Indentation instruments also currently exist that are designed for use under surgical conditions. One such instrument has been designed to measure the stiffness of cartilage through arthroscopic surgical control [44, 45]. Biomechanical property changes in articular cartilage are early indicators of degeneration in the tissues. A reduction in compressive stiffness of articular cartilage is related primarily to the reduction of proteoglycan content and early detection offers possibilities for treatment to arrest the conditions leading to the degenerative process [44]. A similarly designed instrument was used for measurement of structural properties of the cartilage present near the metacarpal bones in Equine species and the results correlated positively with glycosaminoglycan levels in the tissues [46]. An arthroscopic cartilage indenter has been recently used to detect cartilage softening as the early mechanical sign of degradation not yet visible to the eye [47].
Another instrument, the Osteopenetrometer, was designed for in vivo testing of trabecular bone during surgical procedures. This instrument was developed to characterize the mechanical properties of trabecular bone to obtain information relevant to reducing the problem of implant loosening following total knee arthroplasty [48]. The Osteopenetrometer involved penetrations of lengths of order 8 millimeters and widths of order millimeters in diameter at implant sites during surgery. The goal was to have large enough penetrations to average over many trabeculae inside the trabecular bone.
While each of these advances in technology and diagnostic instrumentation produce significant and valuable data toward accurate diagnosis of bone fragility and osteoporosis, they each require skilled technicians. The limitations of available equipment to assess the growing, aging population, and the high expense incurred when diagnostics are available make these tools prohibitive to many patients that are at high risk for fracture.

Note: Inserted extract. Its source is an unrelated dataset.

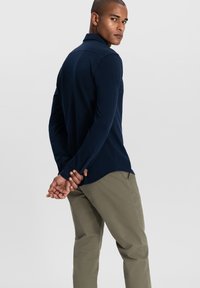 Marineblaues Langarm-Polohemd mit Kragen, figurbetonter Passform und geknöpften Manschetten, kombiniert mit hellolivgrünen Hosen.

There exists, to our knowledge, no instrument that can clinically measure the material properties of bone relevant to fracture risk in living subjects without surgical exposure of the bone, including removal of the periosteum. The need for an inexpensive diagnostic tool to assess fracture risk within the clinical environment seems clear. While many researchers are still trying to set standards for evaluations of BMD, many also acknowledge its limitations; such as, the uncertainty of applicability to those who have not yet reached their peak bone mass, and the need for adjustments to results based on anatomical location, bone geometry and ethnic background. There is a strong need for a diagnostic instrument with low cost and low labor requirements that can directly determine indications of fracture risk through microcrack inducement, to enable multitudes of “at risk” patients to receive preventative therapy before suffering a fracture.